:: WHAT THE EXERCISE ASKS ::
Which lines have the string "with"? Copy all of them from the entries below.
Top of INPUT DATA
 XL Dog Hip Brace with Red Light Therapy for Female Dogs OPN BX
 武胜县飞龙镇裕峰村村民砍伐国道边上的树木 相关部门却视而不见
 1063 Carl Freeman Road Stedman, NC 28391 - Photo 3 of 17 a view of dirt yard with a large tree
Bottom of INPUT DATA
Top of INPUT DATA
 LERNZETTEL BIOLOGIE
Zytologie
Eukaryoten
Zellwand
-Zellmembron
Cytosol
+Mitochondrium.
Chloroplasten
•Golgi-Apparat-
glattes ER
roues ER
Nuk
Bottom of INPUT DATA
:: WRITTEN SOLUTION ::
 XL Dog Hip Brace with Red Light Therapy for Female Dogs OPN BX
 1063 Carl Freeman Road Stedman, NC 28391 - Photo 3 of 17 a view of dirt yard with a large tree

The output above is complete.